── Entries supplied ──
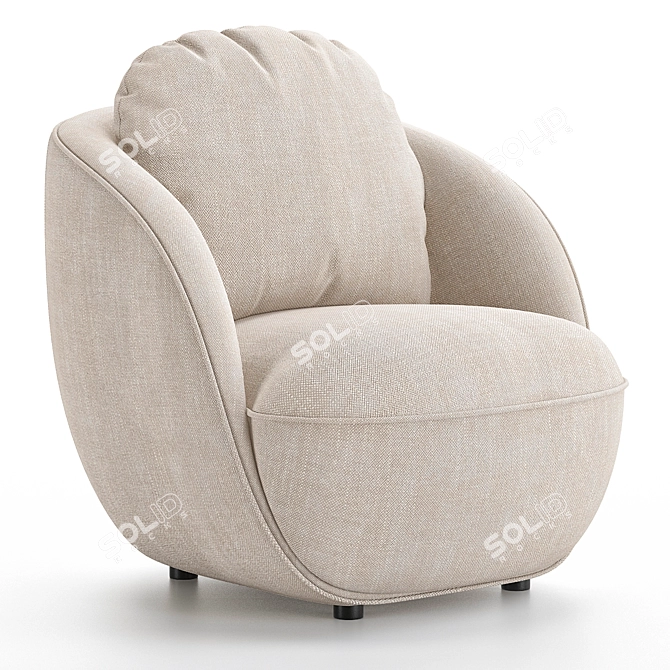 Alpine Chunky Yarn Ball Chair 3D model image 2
───
── Entries supplied ──
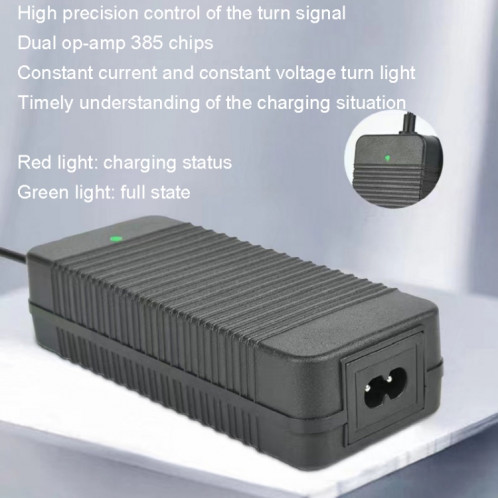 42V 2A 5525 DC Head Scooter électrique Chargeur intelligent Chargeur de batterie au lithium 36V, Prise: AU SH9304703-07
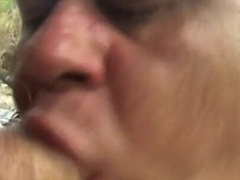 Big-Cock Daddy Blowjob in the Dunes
───
── Entries supplied ──
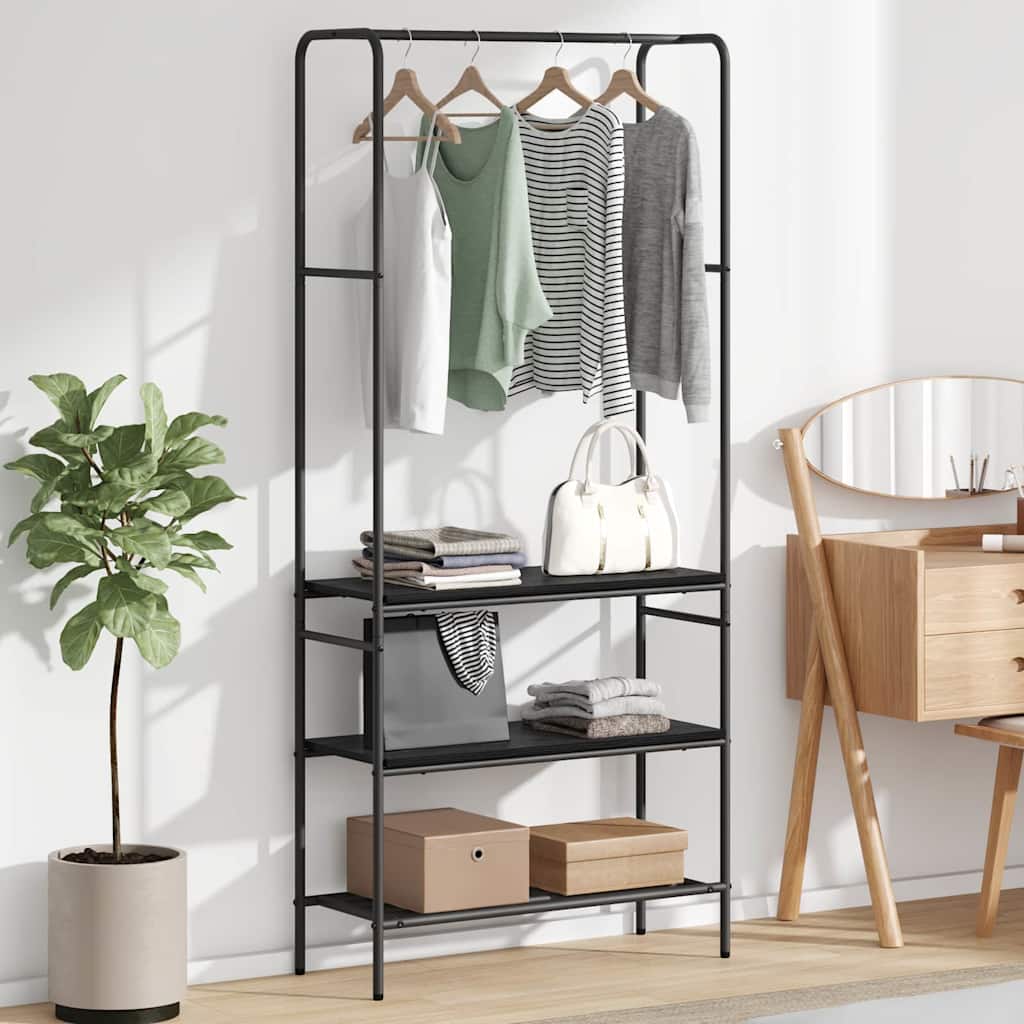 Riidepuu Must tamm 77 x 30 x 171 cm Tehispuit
───
▶ _Problem details_:
Everything between and including the line above containing "42V 2A 5525" and the line containing "Big-Cock Daddy Blowjob in the Dunes" should be reproduced exactly, with pictures excluded.

▶ _Response box_:
 42V 2A 5525 DC Head Scooter électrique Chargeur intelligent Chargeur de batterie au lithium 36V, Prise: AU SH9304703-07
 Big-Cock Daddy Blowjob in the Dunes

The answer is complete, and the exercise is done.